In family conversations, he is the successful kuya in the city. The dependable one. The brother who made it and who never seems to struggle.
But the truth is quieter.
After work, he returns to a small apartment where the silence can feel heavy. There are nights when the loneliness settles in slowly, the kind that creeps into the room once the noise of the day fades. Responsibility stretches far beyond the walls of that apartment. Four other futures depend, in part, on the stability of his own.
Sometimes the weight of it presses in.
On those nights, Mario pours a drink. Then sometimes another. It is a private ritual of release, a way to soften the pressure that comes with carrying so much for so long.
Sometimes the cost of responsibility appears in quieter decisions.
Mario has learned to keep relationships simple. Casual. Surface-level. Not because he lacks the capacity for love, but because love, in its fuller form, requires time, emotional space, and vulnerability, luxuries he feels he cannot afford.
The obligations he carries already feel immense.
A structured relationship, with its own needs and expectations, would mean another life depending on him, another set of promises he would feel bound to keep. And so he avoids it. Conversations remain light. Attachments remain temporary.
Responsibility comes first.
In his mind, there will be time for tenderness later, when his siblings have finished school, when his family is more secure, when the weight he carries has finally eased.
For now, breathing room feels unnecessary. Rest feels indulgent. And tenderness, though quietly longed for, feels like something that can wait.
His family does not know this.
To them, he is strength.
They see the remittances that arrive each month, the reassurance that their eldest brother is steady, capable, and thriving in the city. They do not see the quiet solitude that often accompanies that role.

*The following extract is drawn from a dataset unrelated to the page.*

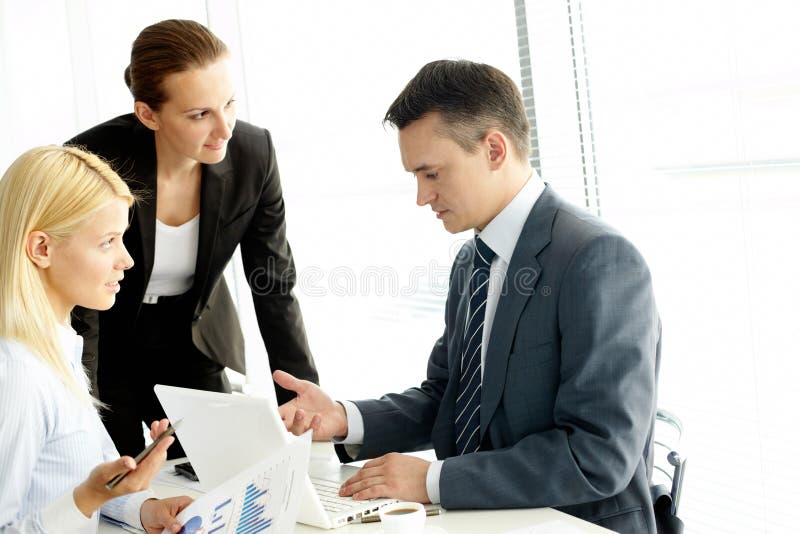 Discussão fotos de stock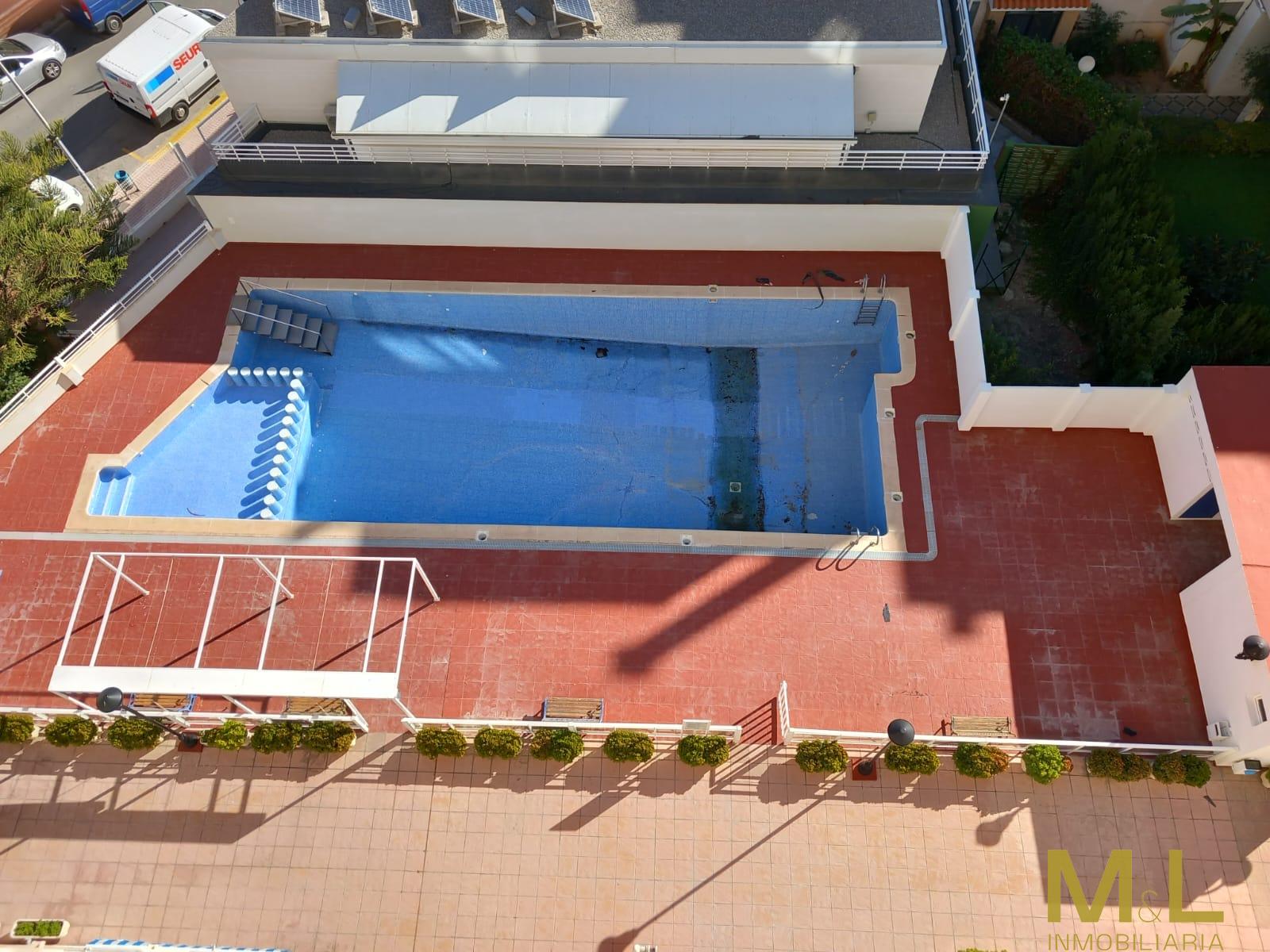 For rent of apartment in La Pobla de Farnals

Stories like Mario’s reveal the hidden costs carried by many eldest children. Mental health struggles, delayed personal ambitions, and quiet burnout are not uncommon. Some postpone relationships or career opportunities. Others internalize expectations so deeply that even when circumstances change, the sense of responsibility never fully loosens its grip.
These costs rarely appear in family narratives. The eldest child is celebrated for resilience, reliability, and sacrifice.
But behind that quiet heroism is often a life shaped by compromises that few people ever see.
Cultural Expectations and Emotional Labor
Filipino culture amplifies responsibility through quiet but powerful forces: respect for elders, deference to authority, and the enduring moral weight of family duty.
In many households, expectations are rarely spoken directly. Parents assume the eldest child will understand. Communities reinforce the message subtly but consistently. The eldest is expected to guide younger siblings, absorb conflict, and help sustain the household.
Much of this responsibility takes the form of emotional labor: soothing tensions between siblings, mediating disagreements between parents and children, shielding younger brothers and sisters from hardship. These acts rarely appear dramatic, yet they shape the emotional architecture of family life. And they are often invisible.
Many eldest children internalize this labor so deeply that their own needs begin to feel secondary. Stress, fatigue, and quiet resentment may surface, but outwardly the expectation remains the same: remain patient, remain generous, remain strong. Over time, the lesson becomes ingrained. Generosity is good. Refusal feels uncomfortable. Duty becomes intertwined with virtue.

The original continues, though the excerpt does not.